Middle East instability shows need for more domestic oil drilling

February 02, 2011

With all the instability in the Middle East, oil prices are headed above $100 a barrel. A spike to the $125-$150-a-barrel range could have disastrous effects on the U.S. economy.

Now is the time when we needed to work on U.S. energy security and independence. And carpeting vast expanses of American soil with solar panels and wind turbines that do nothing when the sun doesn't shine and the wind doesn't blow is not the answer.

The Energy Information Administration said last month that 2011 offshore oil production would decline 13 percent over 2010 due to the effects of the offshore drilling moratorium and the snail's-pace permitting process. That's about 220,000 fewer barrels of oil per day.

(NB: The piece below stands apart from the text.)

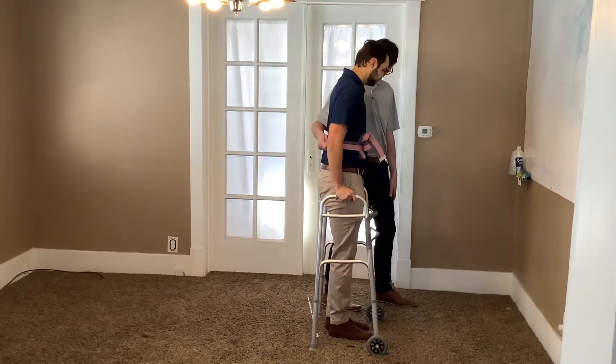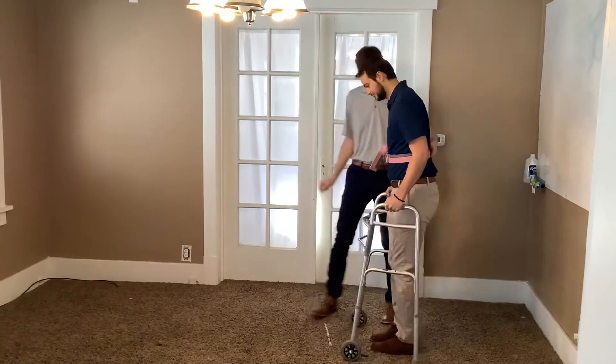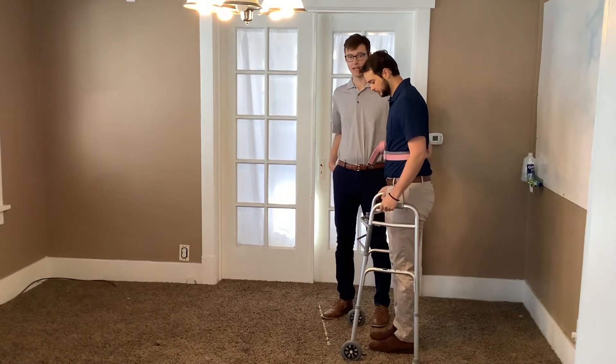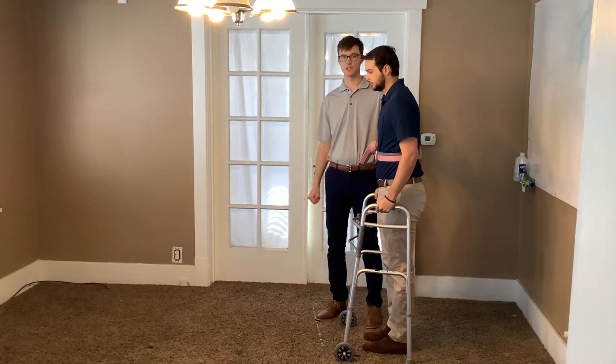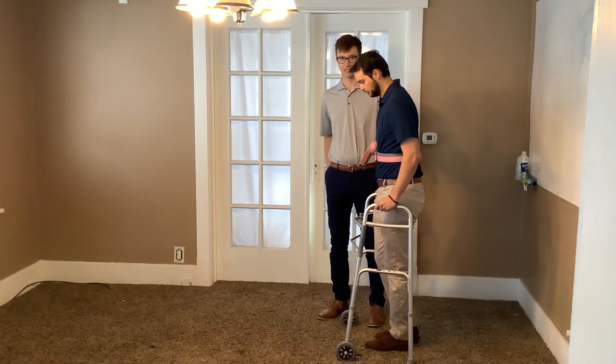Well done. Okay, now we're going to turn around facing the camera. So now we're going to say that the right leg is the affected leg. We're going to do a three-point modified gait, which can be used for toe touch weight bearing, weight bearing as tolerated, or any weight bearing precautions.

The Heritage Foundation reports that new drilling permits are down 88 percent from their historical average. Even shallow-water permits, supposedly unaffected by the moratorium, are down11 percent.

That's just in the Gulf of Mexico. As Heritage notes, some 85 percent of our coastal waters remain off-limits to drilling. The administration has announced that the eastern Gulf and the Atlantic and Pacific coasts would be off-limits for the next seven years. The Interior Department has canceled four pending lease sales in Alaska.

Heritage's Robert Bluey says that allowing access to oil and natural gas resources currently off-limits would increase U.S. crude oil production by as much as 2 million barrels per day by 2030, offsetting more than one-fifth of our oil imports. According to the American Petroleum Institute, federal lands also hold an estimated 116.4 billion barrels of recoverable oil, enough to produce gasoline for 65 million cars and fuel oil for 3.2 million households for 60 years.

Robert Bryce, a senior fellow at the Manhattan Institute, reports that America may be sitting on the natural gas equivalent of more than 350 billion barrels of oil — approximately double the proven oil reserves of Saudi Arabia and Venezuela combined.

About 60 million U.S. households use natural gas. Locked up in these same federal lands are an estimated 650.9 trillion cubic feet of recoverable natural gas, enough to meet the natural-gas heating needs of these same 60 million households for 160 years.

Its time we go after the American oil and natural gas we have deliberately put off-limits. Watching the Middle East implode while we sit on our energy resources is an invitation to disaster!